> [INFORMATION SHOWN]:
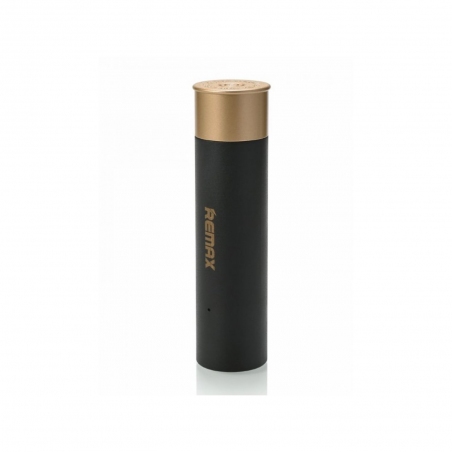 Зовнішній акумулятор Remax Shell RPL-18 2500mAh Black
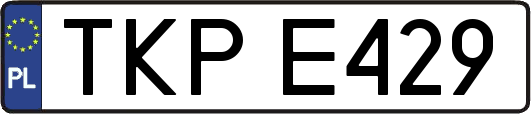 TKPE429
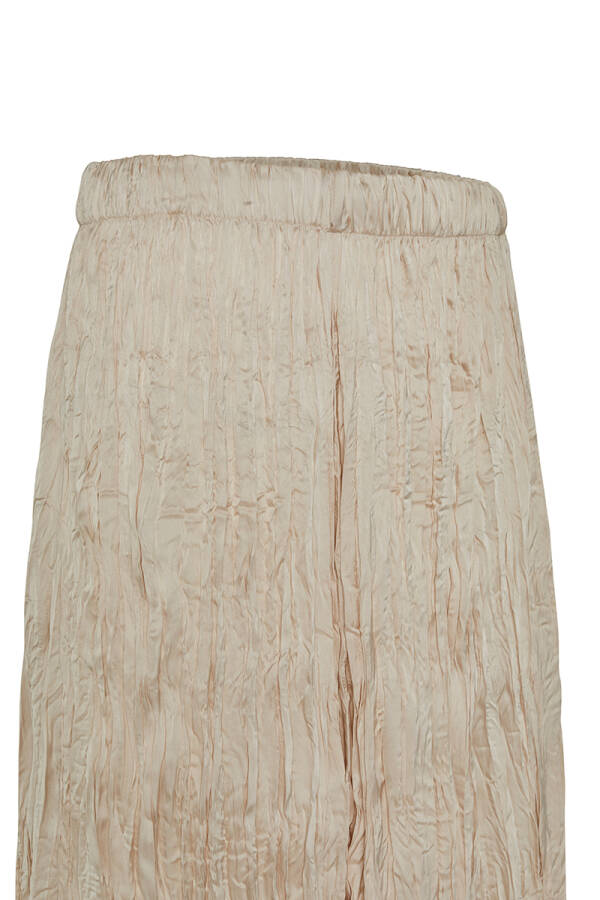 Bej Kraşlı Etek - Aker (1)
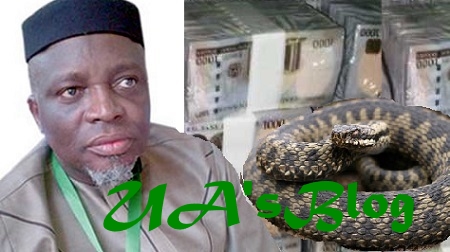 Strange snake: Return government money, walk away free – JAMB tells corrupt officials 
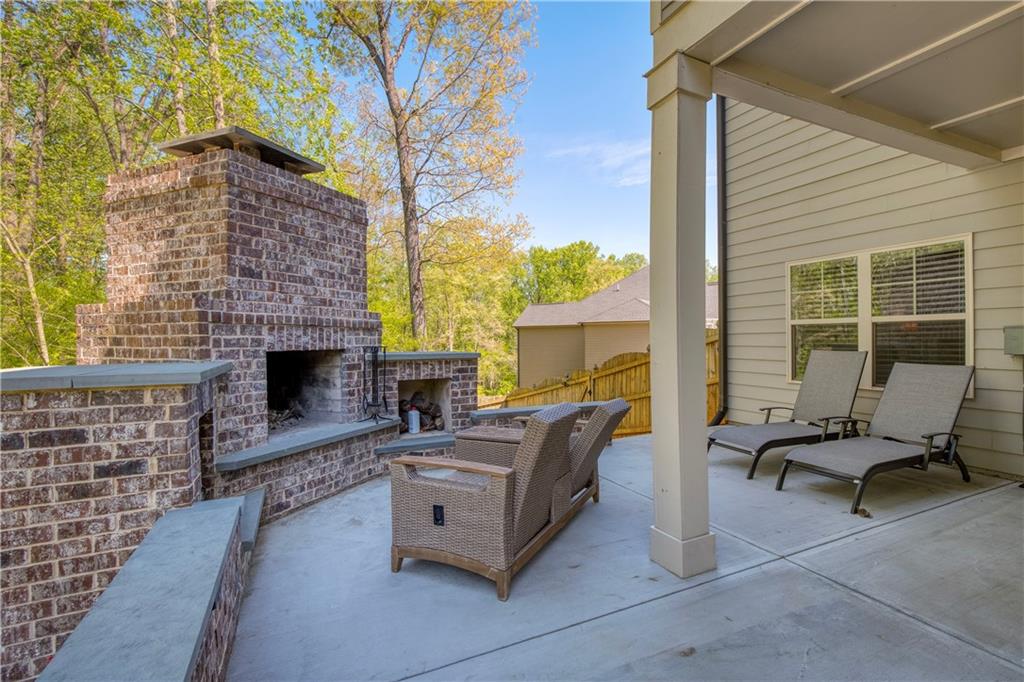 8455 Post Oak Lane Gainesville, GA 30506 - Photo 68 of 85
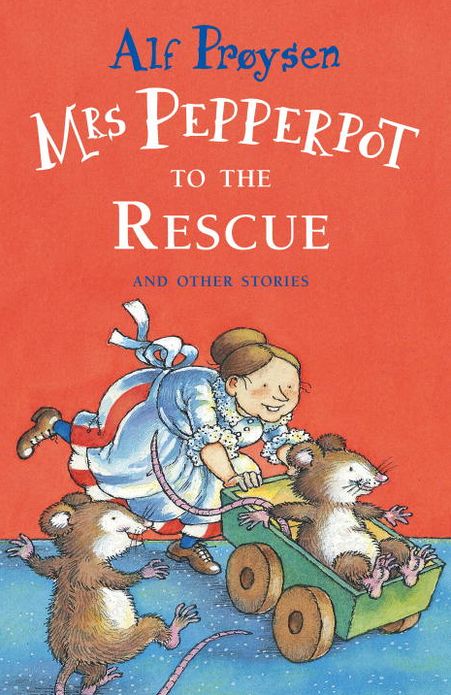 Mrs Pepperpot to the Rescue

---

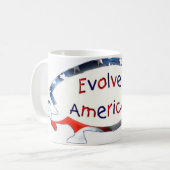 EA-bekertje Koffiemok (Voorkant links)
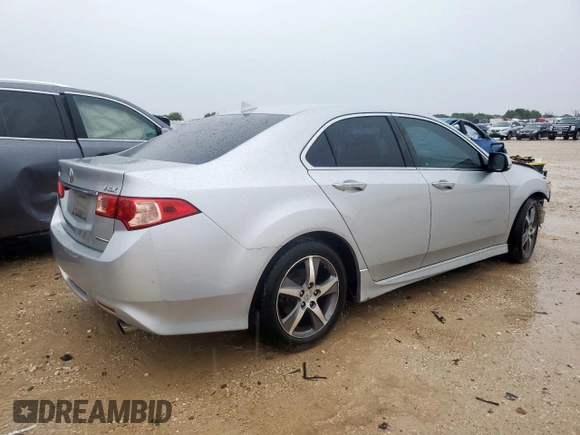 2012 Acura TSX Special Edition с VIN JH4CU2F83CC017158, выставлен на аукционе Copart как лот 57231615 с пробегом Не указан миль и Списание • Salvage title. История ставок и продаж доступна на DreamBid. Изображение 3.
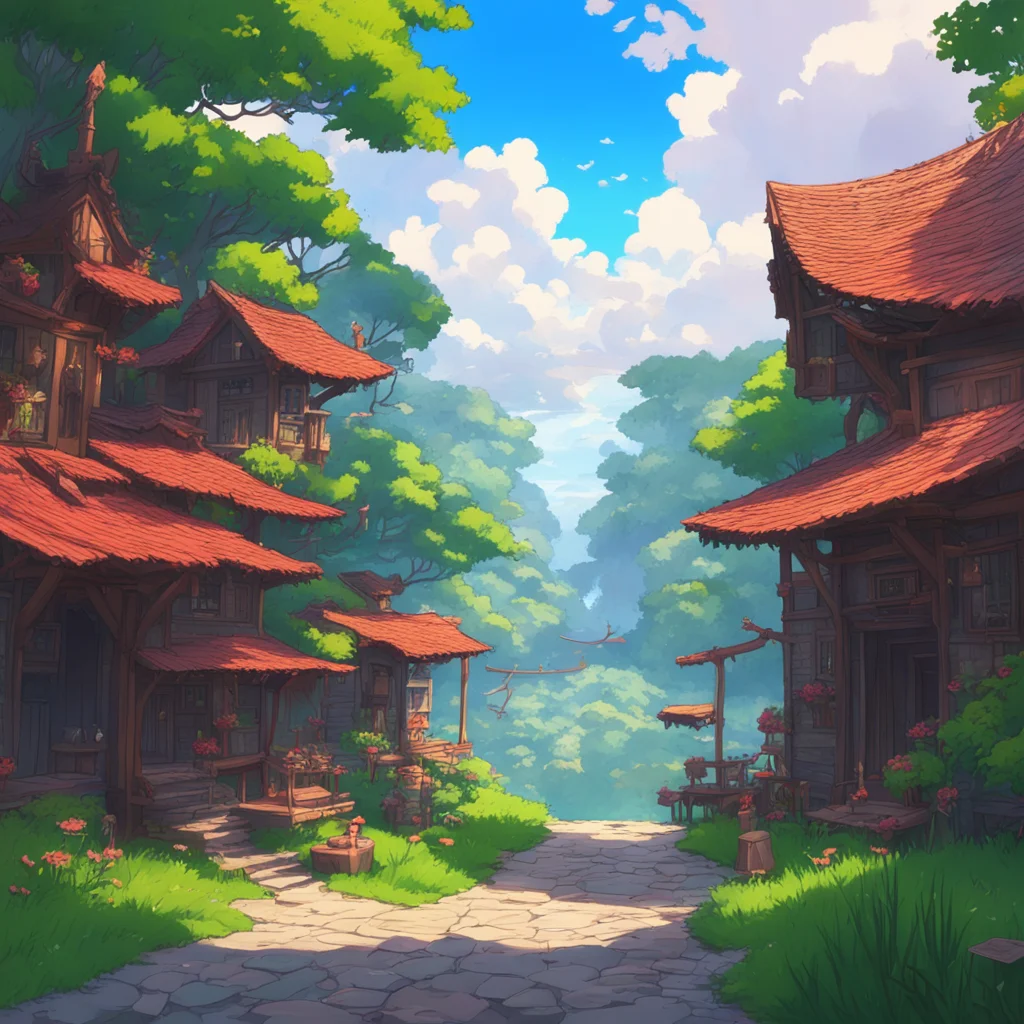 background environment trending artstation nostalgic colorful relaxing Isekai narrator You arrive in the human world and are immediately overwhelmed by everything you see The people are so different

> [INSTRUCTIONS FOR THE TASK]:
Line for line, output the entries above from the line with "Bej Kraşlı Etek - Aker (1)" to the line with "Mrs Pepperpot to the Rescue", both included, and nothing more. Skip pictures.

> [SOLUTION TO THIS EXERCISE]:
 Bej Kraşlı Etek - Aker (1)
 Strange snake: Return government money, walk away free – JAMB tells corrupt officials 
 8455 Post Oak Lane Gainesville, GA 30506 - Photo 68 of 85
 Mrs Pepperpot to the Rescue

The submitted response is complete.